SEJARAH PERADABAN ISLAM MASUK DI KABUPATEN MADIUN
SEJARAH PERADABAN
ISLAM MASUK DI KABUPATEN MADIUN
Pangeran Timur Pemimpin Yang Adil dan
Bijaksana
Sejarah mencatat tahun
1568 Kesultanan Demak mengalami perpecahan dengan adanya perang saudara yang
dimenangkan oleh Mas Karebet atau Jaka Tingkir atau Sultan Hadiwijaya,
dengan restu para wali menggantikan kedudukan mertuanya Sultan Trenggono sebagai Sultan.
Namun, Sultan Hadiwijaya tidak mau bertempat tinggal di Demak. Sultan
Hadiwijaya kemudian memindahkan pusat pemerintahannya ke Pajang. Putra Sultan
Trenggono lainnya atau adik ipar Sultan Hadiwijaya yang bernama Ki Panembahan Ronggo Jumeno oleh Sunan Bonang yang mewakili para
wali diangkat menjadi Bupati Madiun pada tanggal 18 Juli 1568.
Tahun 1546, Sultan
Demak ketiga sekaligus sultan terakhir akhirnya tewas di medan perang dalam
usahanya untuk menaklukkan daerah Pasuruan, Jawa Timur, yang pada akhirnya
menyebabkan perang saudara antar keturunan daerah Demak memperebutkan kekuasaan
dalam tahta kerajaan.
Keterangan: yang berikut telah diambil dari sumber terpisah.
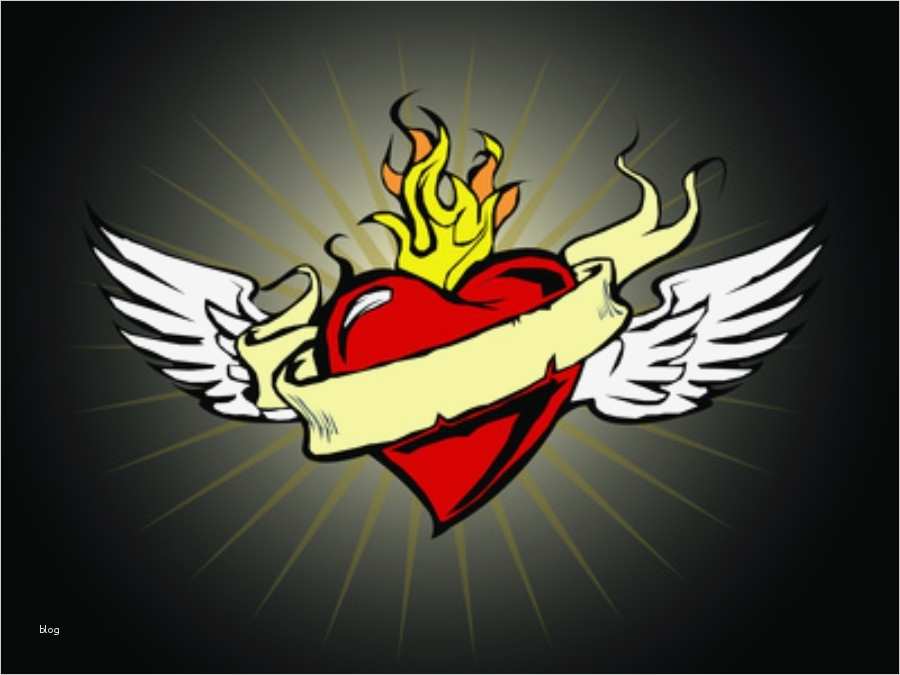 Tattoo Vorlagen Zeichnungen Luxus Tattoo Vorlagen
Dan pada akhirnya Sultan Prawata, putra sulung Sultan
Trenggono gugur dalam perebutan tahta. Maka, pewaris utama diperebutkan oleh
Pangeran Hadiri dan Pangeran Hadiwija, yang keduanya termasuk anak mantu dari
Sultan Trenggono. Namun, atau restu Sunan Kudus akhirnya ditetapkan Pangeran
Hadiwijaya sebagai Sultan dan memindahkan pusat kerajaan di Pajang.
Bersamaan dengan
penobatan Sultan Hadiwijaya, dilantik pula adik ipar sultan, yaitu putra bungsu
Sultan Trenggono yang bernama Pangeran
Timur sebagai Bupati di Purabaya yang sekarang disebut Kabupaten
Madiun. Dalam masa kepemimpinannya, Pangeran Timur menjadi seorang bupati yang
bijaksana, adil dan sangat dihormati oleh warganya. Bahkan, kepemimpinan dari
Pangeran Timur sangat disegani oleh para bupati di Jawa Timur. Dalam
memerintah, Pangeran Timur biasa disebut dengan Pangeran Ronggo Jumeno atau
Panembahan Mediyun. Kata Panembahan sendiri berasal dari kata sembah yang sudah
sangat jelas sekali bahwa kedudukan Pangeran Timur lebih tinggi derajatnya dari
bupati lain karena masih keturunan Raja Demak Bintoro. Namun, setelah Pangeran
Hadiwijaya mangkat dikarenakan usia, pusat pemerintahan akhirnya berpindah ke
kerajaan Mataram yang didirikan oleh putra sulungnya, Panembahan Senopati atau disebut
Danang Sutowijoyo. Pria berwajah tampan, kemauan keras dan ahli strategi dalam
berperang, dan karena ambisinya yang besar karena dianggap sebagai raja yang
mumpuni, Panembahan Senopati bercita-cita untuk menaklukan para bupati di
seluruh Jawa di bawah panji-panji Mataram, termasuk Purabaya juga.
Namun, Purabaya di
bawah naungan Pangeran Timur dan bersekutu dengan daaerah lain tak mau tunduk
dengan Mataram dan memilih untuk bertahan seperti Surabaya, Ponorogo, Pasuruan,
Kediri, Kedu, Brebek, Pakis, Ngrowo (Tulungagung), Kertosono, Blitar,
Trenggalek, Tulung (Caruban) dan Jogorogo. Perang pun tak terelakan lagi antara
Mataran dan sekutu Panembahan Senopati. Mataram sendiri di bawah kekuasaan
Panembahan Senopati sejatinya sudah dua kali menyerang Purabaya, sayang semua
usaha gagal dan berakhir kekalahan. Dalam usahanya yang ketiga, Panembahan
Senopati yang dikenal dengan juru taktik dan stretegi perang akhirnya membekali
seluruh prajuritnya dengan senjata tajam (keris, pedang, tombak, panah) serta
memanfaatkan seluruh selirnya.
Nah, inilah yang
menjadi titik lemah Pangeran Timur dan dimanfaatkan dengan baik oleh Mataram.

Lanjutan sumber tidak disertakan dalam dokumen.